■ WORK INSTRUCTION:
Look at the data below and print exactly the lines from its first line through the line with "Blurred Monalisa iPhone 11 case"; the pictures stay out of the copy.

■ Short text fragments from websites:
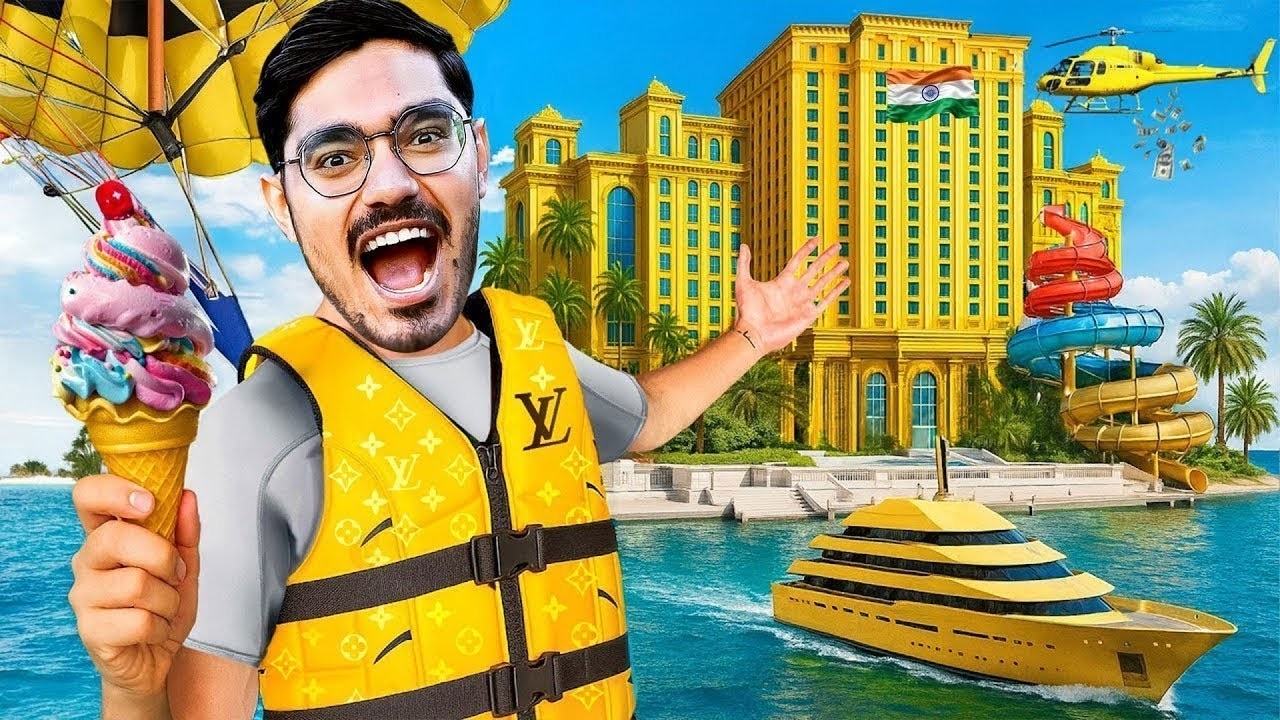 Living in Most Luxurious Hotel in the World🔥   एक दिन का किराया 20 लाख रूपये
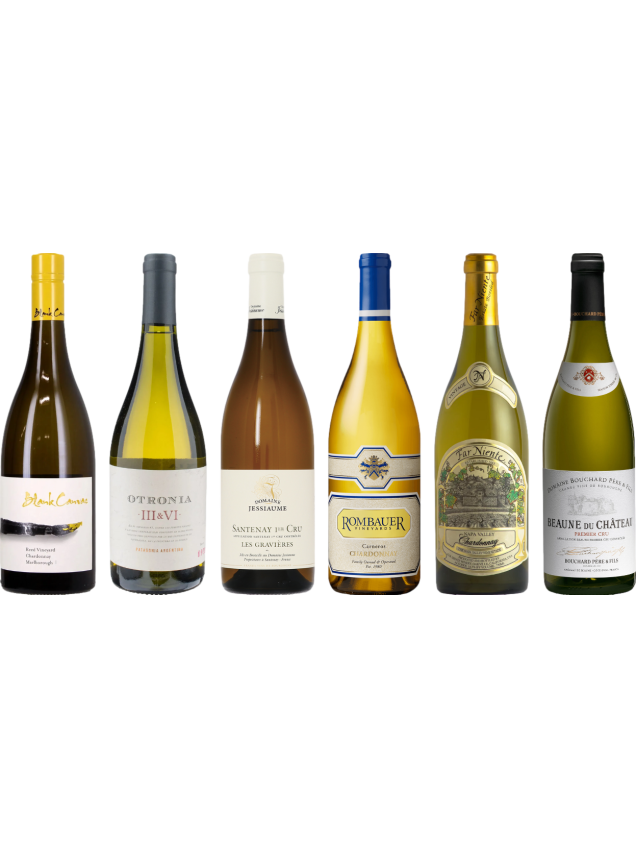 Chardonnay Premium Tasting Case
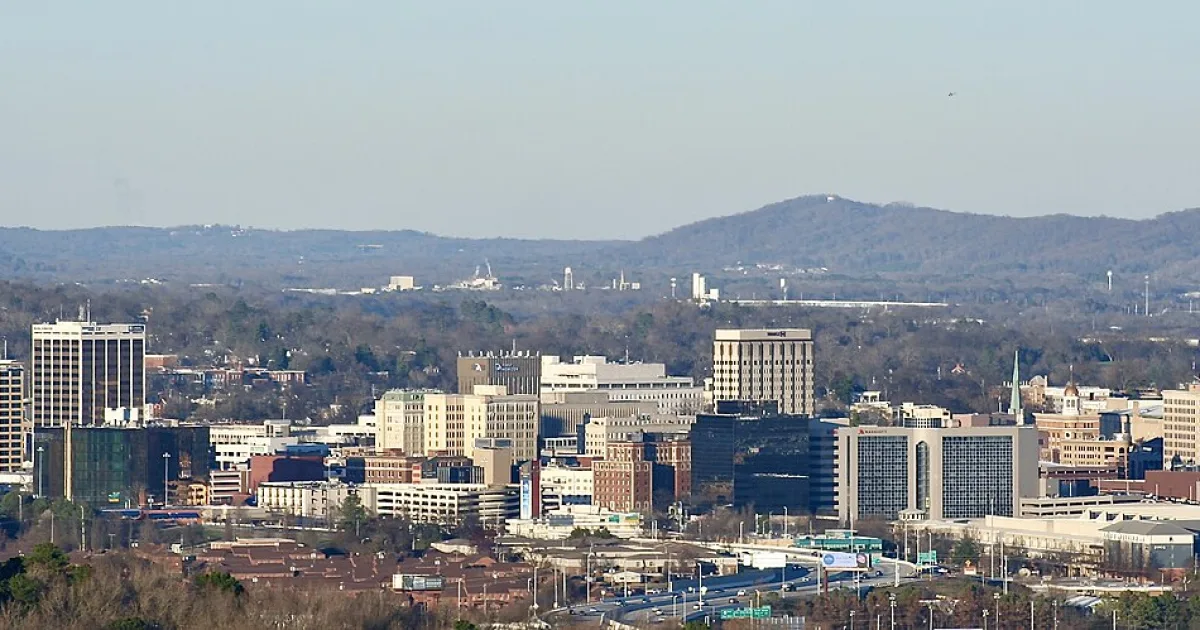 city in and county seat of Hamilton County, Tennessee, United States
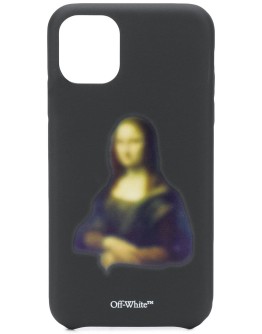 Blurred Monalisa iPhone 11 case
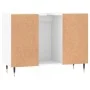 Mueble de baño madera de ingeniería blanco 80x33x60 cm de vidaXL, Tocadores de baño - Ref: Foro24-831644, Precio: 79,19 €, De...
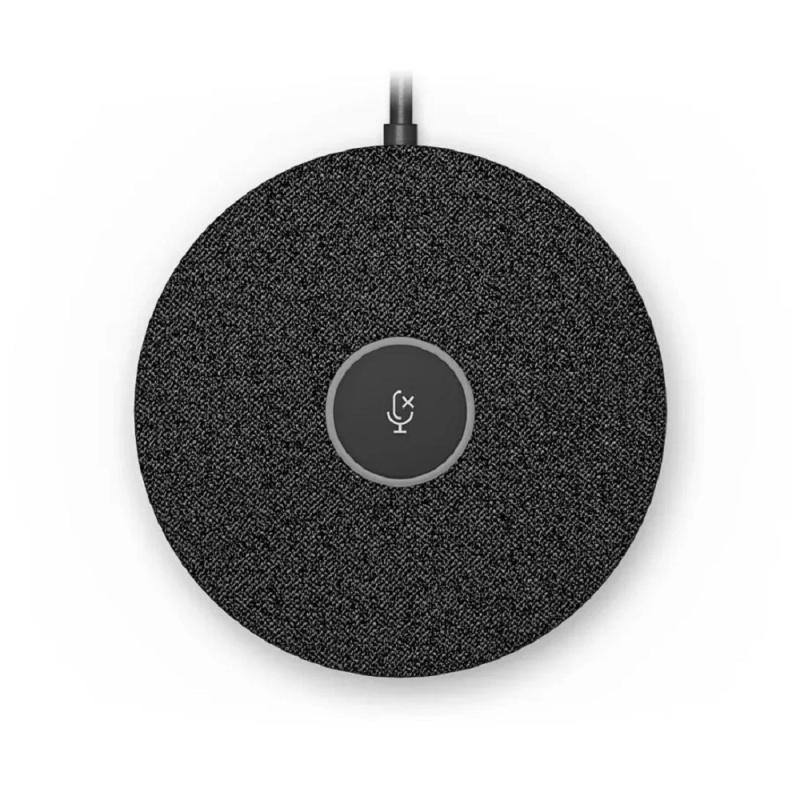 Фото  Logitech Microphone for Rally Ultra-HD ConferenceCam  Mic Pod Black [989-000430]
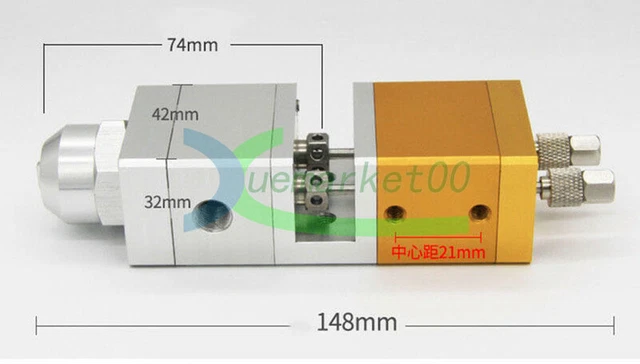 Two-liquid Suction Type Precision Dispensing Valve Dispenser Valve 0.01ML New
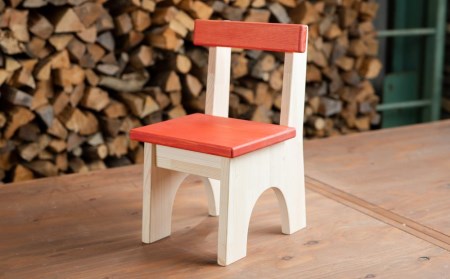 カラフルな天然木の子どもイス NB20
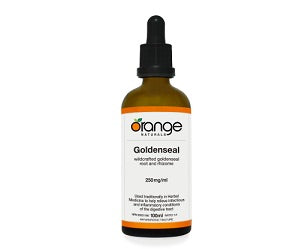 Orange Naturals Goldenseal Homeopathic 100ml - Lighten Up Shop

■ RESPONSE:
 Living in Most Luxurious Hotel in the World🔥   एक दिन का किराया 20 लाख रूपये
 Chardonnay Premium Tasting Case
 city in and county seat of Hamilton County, Tennessee, United States
 Blurred Monalisa iPhone 11 case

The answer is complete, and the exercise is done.